For this exercise, copy exactly only the lines from the one containing "this 1200×675 image." to the final line of the material below, without the pictures.

━━━━━━━━━━━━━━━━

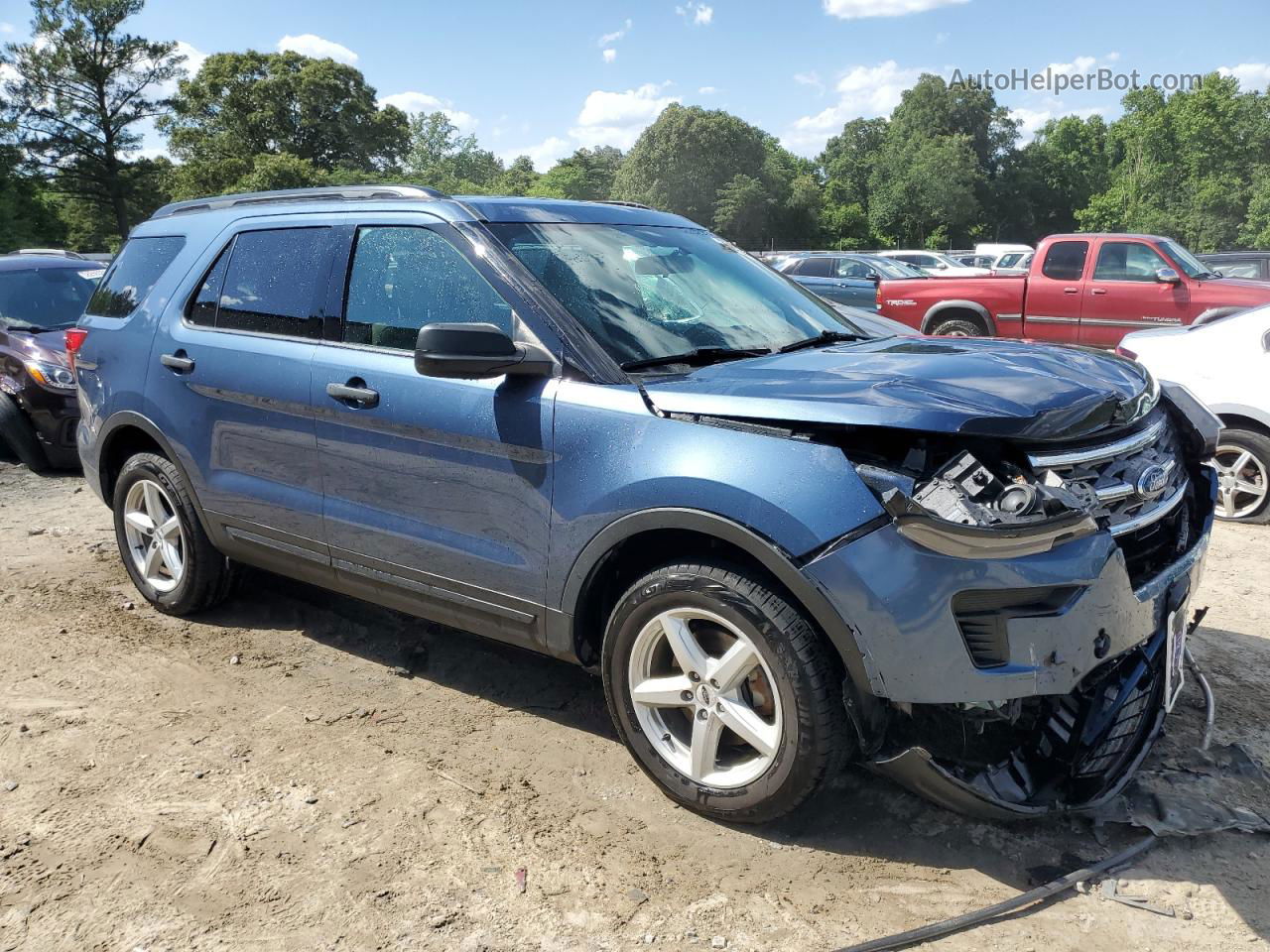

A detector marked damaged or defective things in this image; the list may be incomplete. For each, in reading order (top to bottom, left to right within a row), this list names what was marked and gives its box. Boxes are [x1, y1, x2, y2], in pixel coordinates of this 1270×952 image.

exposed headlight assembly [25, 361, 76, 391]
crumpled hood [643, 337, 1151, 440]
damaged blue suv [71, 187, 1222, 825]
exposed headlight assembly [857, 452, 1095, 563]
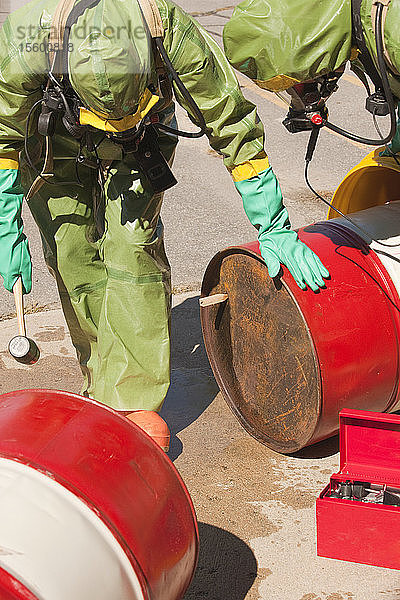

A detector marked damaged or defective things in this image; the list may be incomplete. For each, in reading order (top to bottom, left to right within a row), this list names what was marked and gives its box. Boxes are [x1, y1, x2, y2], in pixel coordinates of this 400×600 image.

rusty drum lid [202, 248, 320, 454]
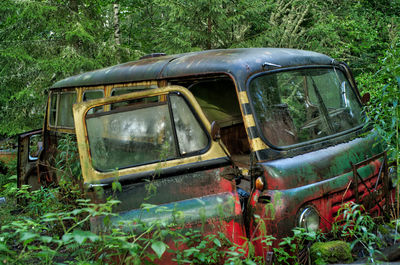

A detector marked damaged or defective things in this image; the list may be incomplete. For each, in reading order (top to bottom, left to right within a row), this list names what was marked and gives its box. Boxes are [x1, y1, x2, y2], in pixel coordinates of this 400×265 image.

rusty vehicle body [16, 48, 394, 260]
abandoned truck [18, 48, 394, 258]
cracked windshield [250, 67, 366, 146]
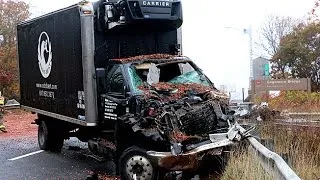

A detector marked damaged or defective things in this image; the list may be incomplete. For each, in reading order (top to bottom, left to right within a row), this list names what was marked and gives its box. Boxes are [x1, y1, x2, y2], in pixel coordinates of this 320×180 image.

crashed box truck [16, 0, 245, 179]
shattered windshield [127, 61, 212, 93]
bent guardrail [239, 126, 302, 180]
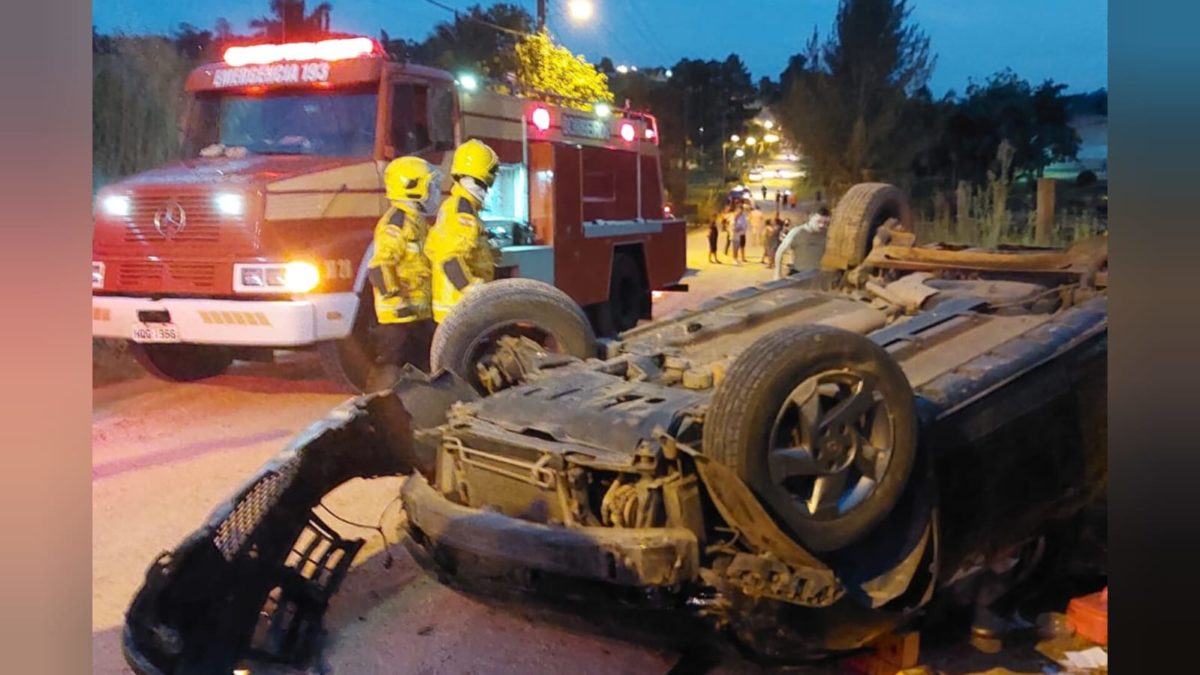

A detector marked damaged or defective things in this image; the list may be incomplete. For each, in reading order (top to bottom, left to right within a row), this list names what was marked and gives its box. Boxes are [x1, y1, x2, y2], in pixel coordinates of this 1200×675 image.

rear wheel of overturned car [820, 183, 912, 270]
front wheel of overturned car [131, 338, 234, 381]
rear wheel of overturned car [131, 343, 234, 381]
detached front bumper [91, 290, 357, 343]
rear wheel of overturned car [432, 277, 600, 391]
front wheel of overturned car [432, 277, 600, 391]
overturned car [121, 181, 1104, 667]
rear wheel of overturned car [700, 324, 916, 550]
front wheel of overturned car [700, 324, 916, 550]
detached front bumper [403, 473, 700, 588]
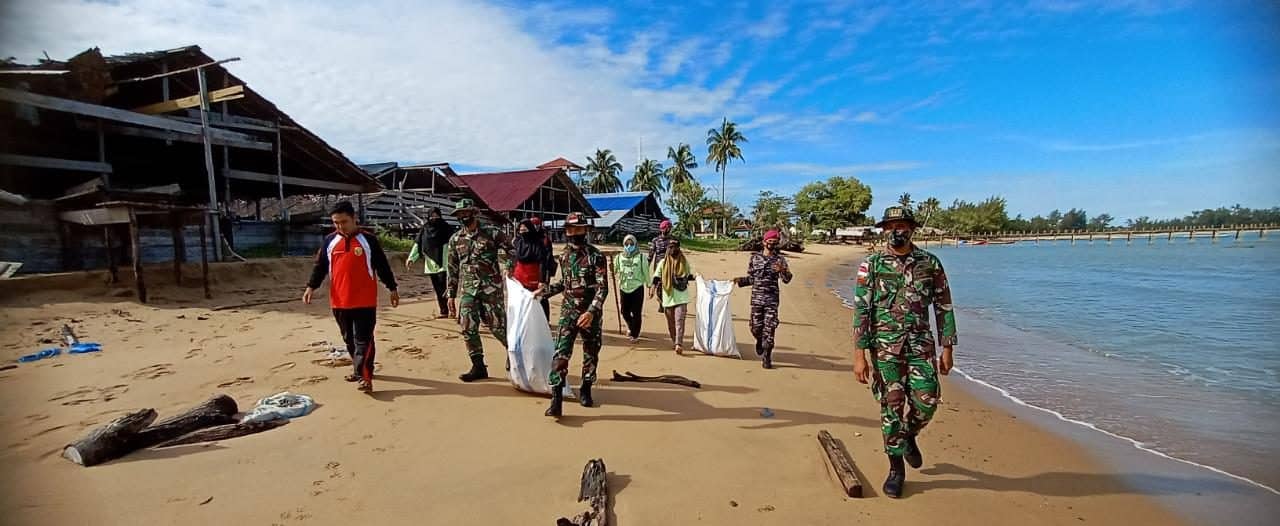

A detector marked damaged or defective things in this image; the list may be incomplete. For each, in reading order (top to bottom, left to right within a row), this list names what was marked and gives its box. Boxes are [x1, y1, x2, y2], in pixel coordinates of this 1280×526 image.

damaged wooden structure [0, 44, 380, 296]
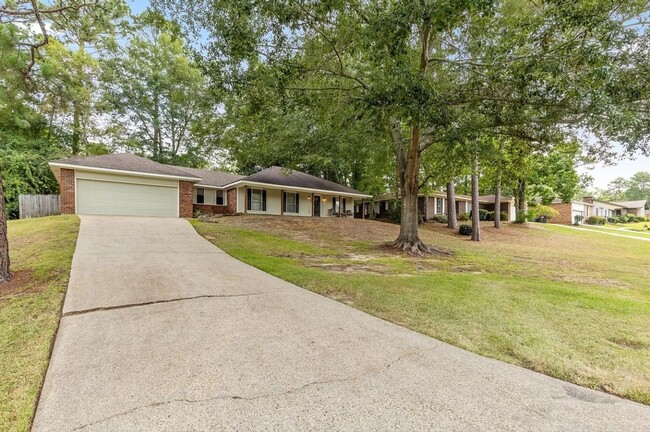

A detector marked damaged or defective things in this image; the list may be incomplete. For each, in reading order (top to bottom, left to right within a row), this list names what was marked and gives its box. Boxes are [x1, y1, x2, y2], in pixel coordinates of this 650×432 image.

━━━━━━━━━━━━━━━━

WRITTEN SOLUTION
A detector marked damaged or defective things in this image; the list may be incomplete. For each, in reading order (top to bottom, left to right within a row), this list names what was marked and gives its box. Boxes are [x1, y1, x2, y2], in pixel coordinates of this 1200×675 image.

rear wheel of overturned car [820, 183, 912, 270]
front wheel of overturned car [131, 338, 234, 381]
rear wheel of overturned car [131, 343, 234, 381]
detached front bumper [91, 290, 357, 343]
rear wheel of overturned car [432, 277, 600, 391]
front wheel of overturned car [432, 277, 600, 391]
overturned car [121, 181, 1104, 667]
rear wheel of overturned car [700, 324, 916, 550]
front wheel of overturned car [700, 324, 916, 550]
detached front bumper [403, 473, 700, 588]

A detector marked damaged or defective things in this image; the list may be incomplete. For each, in reading order (top to bottom, left to right within a row), this list names what was marked and gives its box. Boxes are [x1, y1, x2, y2], in pixel coordinates of this 1280×526 image.

damaged wooden structure [0, 44, 380, 296]

A detector marked damaged or defective things in this image; the list may be incomplete. For each, in reading order (top to bottom, left to right within a row), this list names what was marked and gives its box. Boxes are [x1, y1, x2, y2], in pixel coordinates of this 650×432 image.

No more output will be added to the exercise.